Serbian Learned Society (1864-1892)

The work of the Society of Serbian Letters was temporarily discontinued on January 27, 1864, only to resume already in late July of the same year, when the institution was renamed Serbian Learned Society (SLS). Every member of the former society was entitled to remain in his membership category, albeit full members had the option to notify the minister within a month which section they wanted to work in. If they failed to notify him, they would be classified as honorary members. According to the records, 35 out of a total of 66 members of the Serbian Society of Letters at the time of the suspension of work notified the minister.

The Serbian Learned Society was divided into four sections: 1. moral, linguistic and literary sciences; 2. natural and mathematical sciences; 3. historical and state-related sciences; and 4. skills, which referred to art. A section could not have fewer than five or more than twenty members.

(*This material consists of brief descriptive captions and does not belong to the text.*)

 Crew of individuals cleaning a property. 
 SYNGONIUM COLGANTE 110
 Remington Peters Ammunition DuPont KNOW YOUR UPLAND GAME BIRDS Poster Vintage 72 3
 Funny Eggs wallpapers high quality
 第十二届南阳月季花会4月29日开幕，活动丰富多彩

The journal of the Society of Serbian Letters retained the name Glasnik, with volume numeration clearly indicating that it continued where the former journal stopped. The last volume of Glasnik Srpskog učenog društva was number 75. However, the Society’s total publication output was larger, as 15 special edition books need to be added to it. A substantial number of historical and geographical treatises were published, along with works describing antiquities and sites, and there were also natural science treatises, which were not translations or popular works, but rather resulted from observations and experiments, that is from attempts to solve specific problems.

The key events in the history of Serbia in the latter part of the nineteenth century influenced the development of the SLS, reviving some of the earlier disputes and divisions and changing the general social and economic conditions. Since the Society came into conflict with the Ministry of Education, its work was suspended, and the Royal Academy was established regardless of the SLS by a small number of the latter’s members.